> **Task input**:
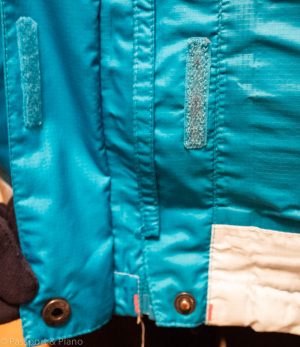 An image of the outer flap that covers the zip on a scandinavian jacket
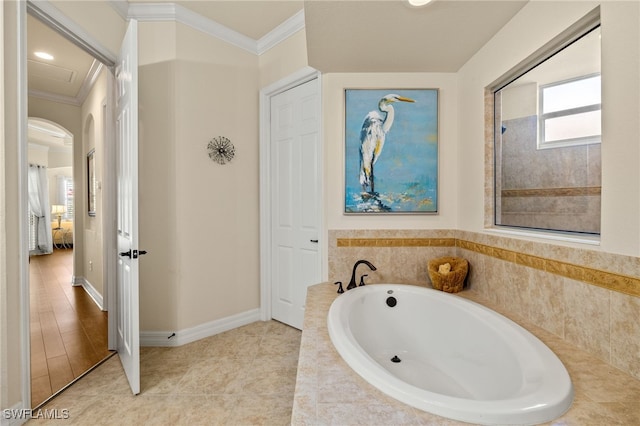 bathroom featuring a bath, crown molding, baseboards, and tile patterned floors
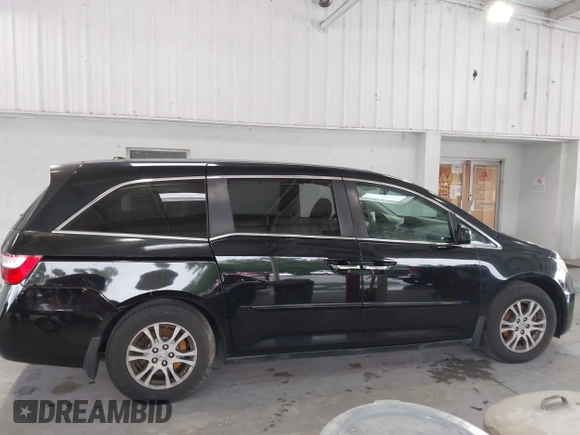 2013 Honda Odyssey EX-L с VIN 5FNRL5H68DB003918, выставлен на аукционе IAAI как лот 42233350 с пробегом 157 821 миль миль и . История ставок и продаж доступна на DreamBid. Изображение 13.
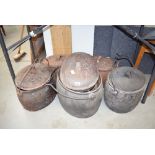 Quantity of cast cooking pots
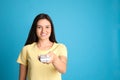 Happy young woman operating air conditioner with remote control on light blue background. Space for Royalty Free Stock Photo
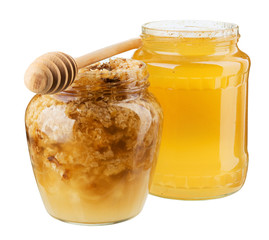 Two jars with honey and honeycomb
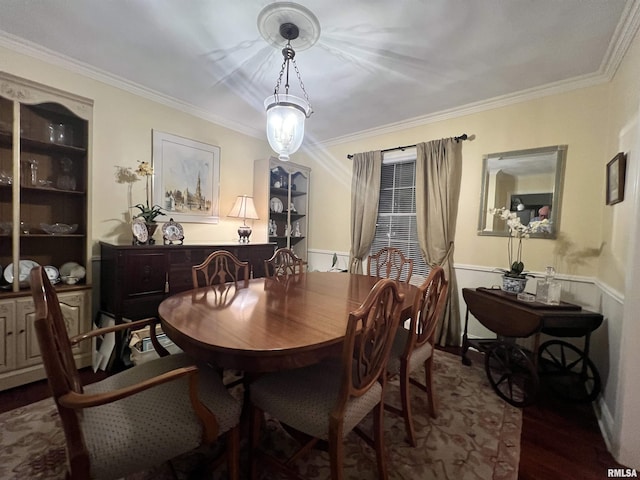 dining space with hardwood / wood-style flooring and crown molding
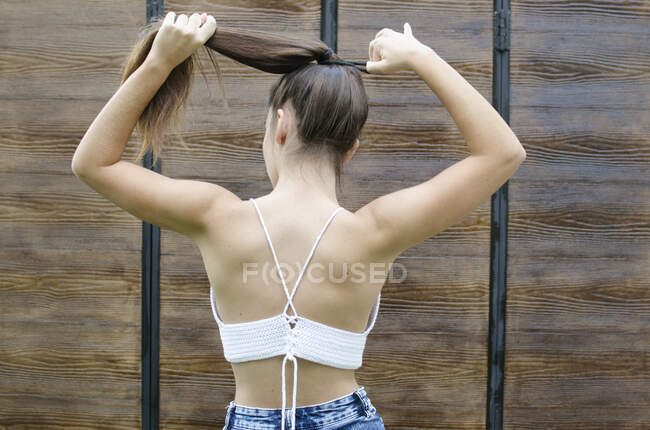 Rear view of a teenage girl standing outdoors putting her hair in a ponytail — Stock Photo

> **What the task requires**:
The lines from the one containing "bathroom featuring a" through the last line of the entries are to be copied exactly, both ends included, and the pictures are to be omitted.

> **Exercise solution**:
 bathroom featuring a bath, crown molding, baseboards, and tile patterned floors
 2013 Honda Odyssey EX-L с VIN 5FNRL5H68DB003918, выставлен на аукционе IAAI как лот 42233350 с пробегом 157 821 миль миль и . История ставок и продаж доступна на DreamBid. Изображение 13.
 Quantity of cast cooking pots
 Happy young woman operating air conditioner with remote control on light blue background. Space for Royalty Free Stock Photo
 Two jars with honey and honeycomb
 dining space with hardwood / wood-style flooring and crown molding
 Rear view of a teenage girl standing outdoors putting her hair in a ponytail — Stock Photo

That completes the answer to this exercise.